**Data block**.
▽
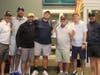 At the NSYMCA’s Community Strong Golf Fundraiser the “tied” winners of Lowest Scoring team show off their trophy. (from left) Ryan Liebgott, Patrick Livengood, Patrick Niday, Chase Noonan, Howard Schultz, Alex Williams and Patrick Tatarek.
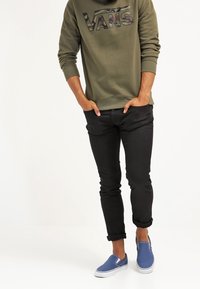 Sudadera con capucha verde oliva con un logo de camuflaje, jeans negros de corte ajustado y zapatos azules tipo slip-on. Conjunto casual, diseño minimalista.
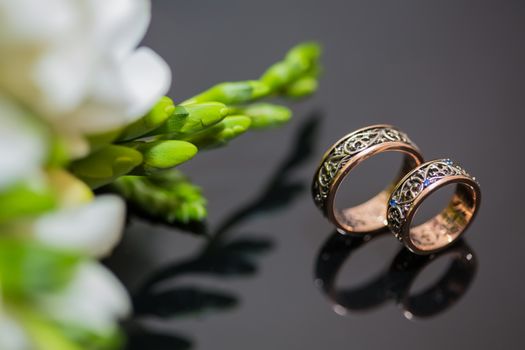 Two wedding rings in infinity sign with bouquet on black background. Love concept.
△
Copy the listing exactly, omitting pictures.

**Expected answer**.
 At the NSYMCA’s Community Strong Golf Fundraiser the “tied” winners of Lowest Scoring team show off their trophy. (from left) Ryan Liebgott, Patrick Livengood, Patrick Niday, Chase Noonan, Howard Schultz, Alex Williams and Patrick Tatarek.
 Sudadera con capucha verde oliva con un logo de camuflaje, jeans negros de corte ajustado y zapatos azules tipo slip-on. Conjunto casual, diseño minimalista.
 Two wedding rings in infinity sign with bouquet on black background. Love concept.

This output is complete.